Наконец — ибо материал неисчерпаем, а надо заканчивать — войнами знати не всегда двигал лишь материальный интерес: при таком пылком темпераменте, при крайней обидчивости этих людей, у которых грубость в крови, а гнев тут же выплескивается наружу, достаточно пустяка — жеста, слова, непристойной шутки, чтобы началась вражда, переходящая в бесконечную вендетту. Сбор вассалов в войско или ко двору сюзерена являлся, в частности, поводом для ссор, часто серьезных и сопровождавшихся кровавыми стычками по возвращении в их владения. В жесте о Гарене Лотарингском мы находим весьма выразительную картину бурных ссор между баронами при королевском дворе на глазах у самого короля. Несмотря на запрещение суверена, рыцари с обеих сторон — лотарингской и бордоской — сбиваются в кучу и, бросая друг другу в лицо самые грязные оскорбления, переходят к драке.
Гарен наносит сильный удар кулаком по голове Фромону, и тот, оглушенный, падает на землю. Тогда бордосцы покидают свои места и бросаются на помощь своему сеньору. Образуется настоящая свалка: все таскают друг друга за волосы, пускают в ход ноги, кулаки и зубы, и все пред глазами короля, которого никто не хочет слушать. Но в момент высшего накала потасовки граф Ардрский спускается по ступеням и бежит в свое жилище. У изголовья постели он хватает стальной клинок, возвращается во дворец, закрывает все выходы из него и появляется перед лотарингцами, оледеневшими от ужаса. Пятнадцать рыцарей падают, смертельно раненные.

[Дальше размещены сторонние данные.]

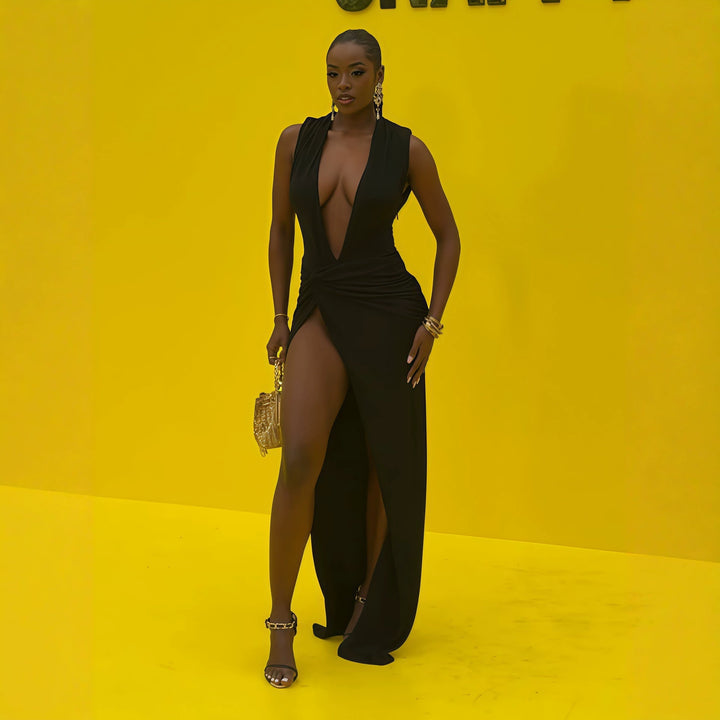 Damen elegantes langes Kleid mit tiefem V-Ausschnitt und raffinierter Raffung Drune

С лотарингской стороны появляется Эрне Орлеанский, который в свою очередь набрасывается на бордосцев.
И тогда началась настоящая бойня. Рыцари наперебой преследуют бордосцев, пронзенных, искалеченных, изрубленных. Раненые прячутся под столами в надежде спастись. Тщетные усилия: их настигают, вытаскивают из укрытия и приканчивают.
Это сражение при королевском дворе стало отправной точкой длительной войны между бордосцами и лотарингцами, о многочисленных событиях которой повествует эпопея. Очевидно, жонглер дал волю своей фантазии, но в целом он лишь сгустил краски исторической реальности. В 1197 г. двор Филиппа Августа располагался в Компьене. Возник спор между графом Булонским Рено де Даммартеном и Гуго, графом де Сен-Полем. Они обменялись оскорблениями, Гуго де Сен-Поль в кровь разбил лицо Рено, тот вытащил нож и кинулся на нападавшего. Король и придворные вовремя их растащили, но граф Булонс-кий горько упрекал Филиппа Августа в том, что тот помешал ему отомстить за себя, и в этом заключалась одна из претензий, впервые заставившая его присоединиться к врагам короля.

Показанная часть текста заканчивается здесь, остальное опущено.